● Problem details
Wherever the listing holds a picture, leave it out, and copy the remainder exactly.

● Dataset section

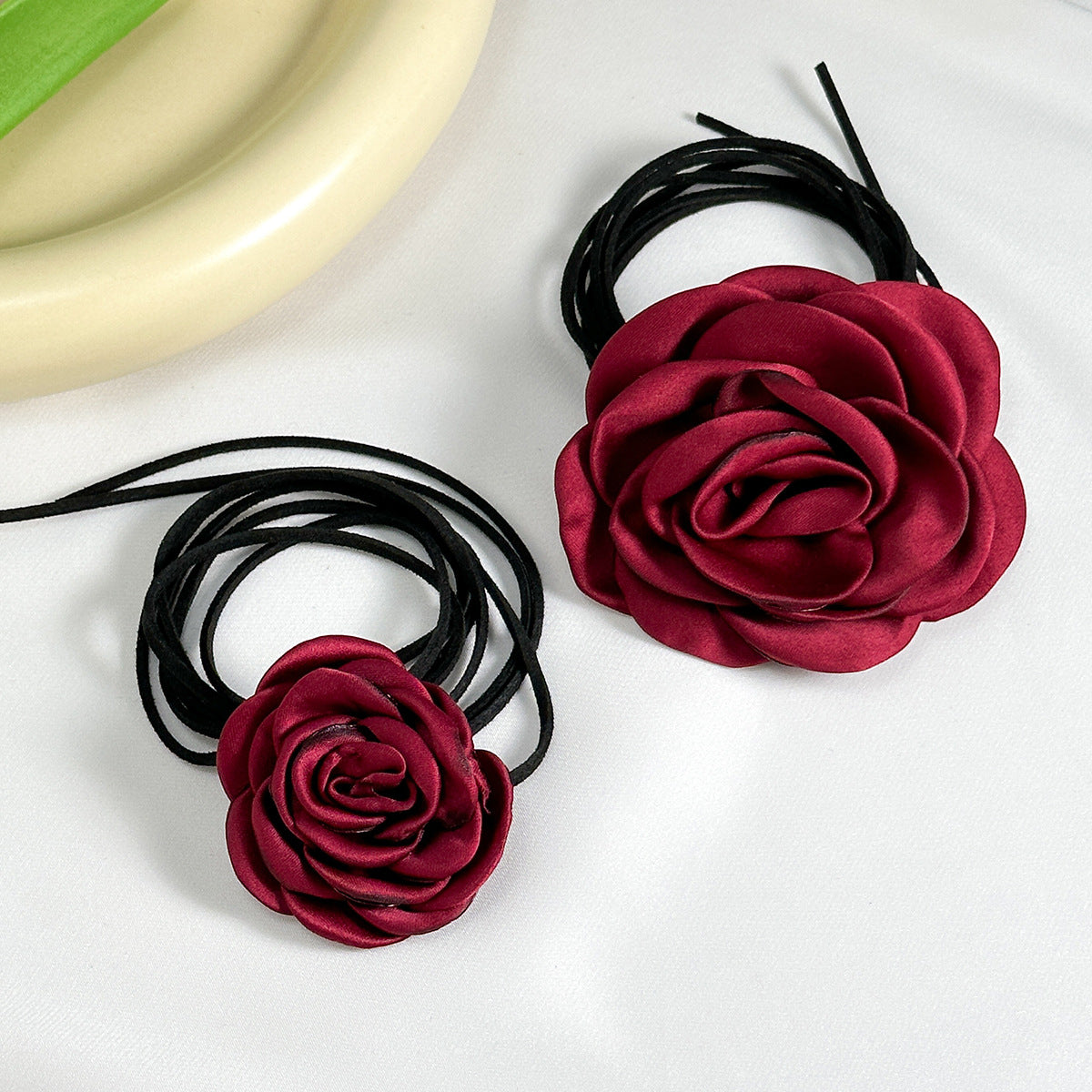 Women's Three-dimensional Rose French Long Camellia Suit Collar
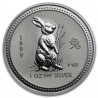AUSTRALIA 1 DOLAR 1999 AÑO DEL CONEJO 1ª SERIE LUNAR MONEDA DE PLATA $1 dollar silver 1 ONZA OUNCE OZ YEAR OF THE RABBIT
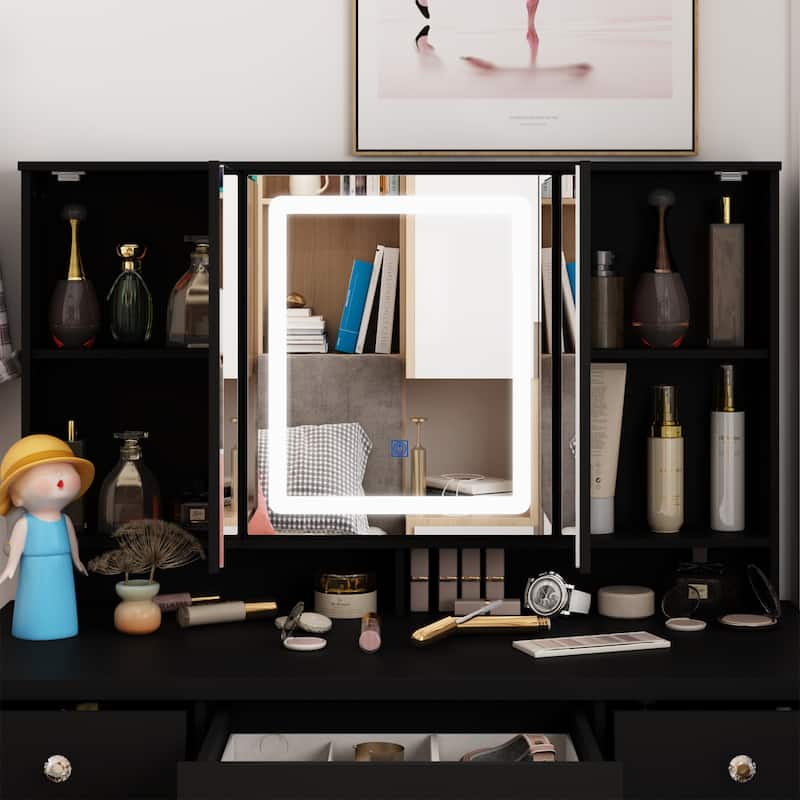 Spacious Vanity Desk with Mirrored Storage Cabinets - A Beauty Oasis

● Expected output
 Women's Three-dimensional Rose French Long Camellia Suit Collar
AUSTRALIA 1 DOLAR 1999 AÑO DEL CONEJO 1ª SERIE LUNAR MONEDA DE PLATA $1 dollar silver 1 ONZA OUNCE OZ YEAR OF THE RABBIT
 Spacious Vanity Desk with Mirrored Storage Cabinets - A Beauty Oasis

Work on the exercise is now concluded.